=== Data shown ===

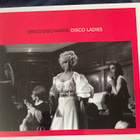 Disco Discharged: Disco Ladies 2cd - pikkukuva 1
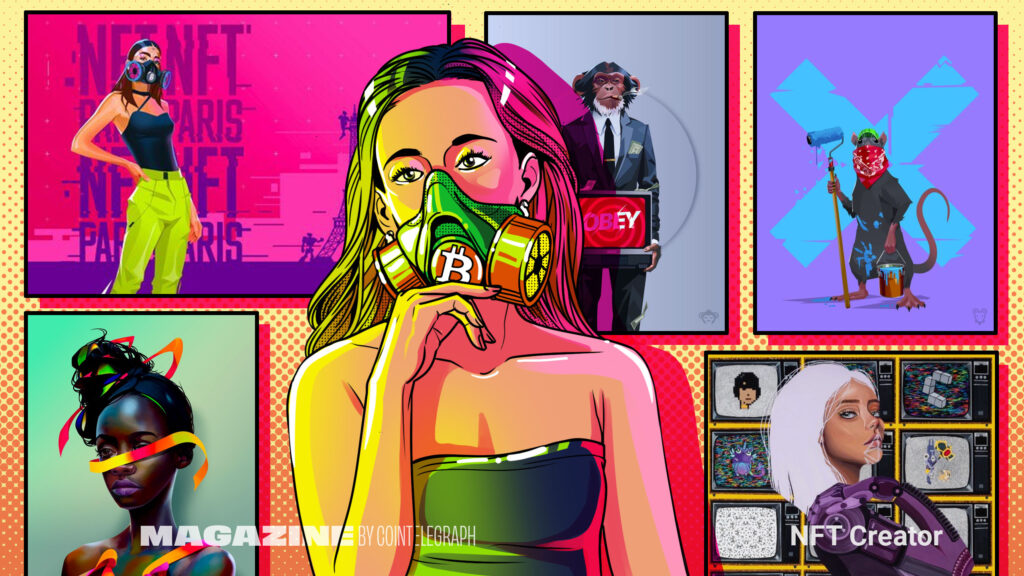 Source: Cointelegraph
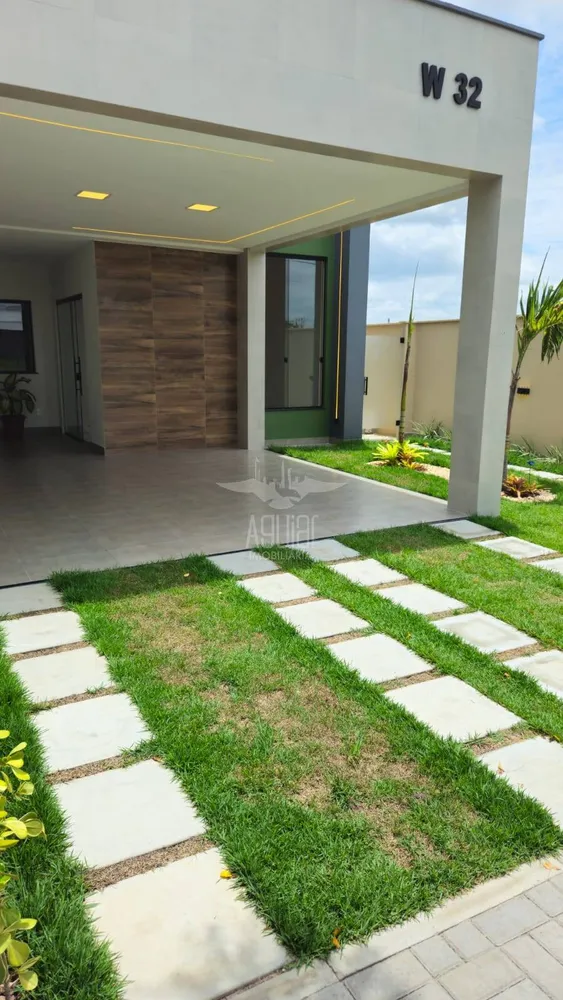 Casa, 3 quartos, 145 m² - Foto 4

===

| Task to complete |
Your copy should match the listing exactly, apart from the pictures it leaves out.

| Expected answer |
 Disco Discharged: Disco Ladies 2cd - pikkukuva 1
 Source: Cointelegraph
 Casa, 3 quartos, 145 m² - Foto 4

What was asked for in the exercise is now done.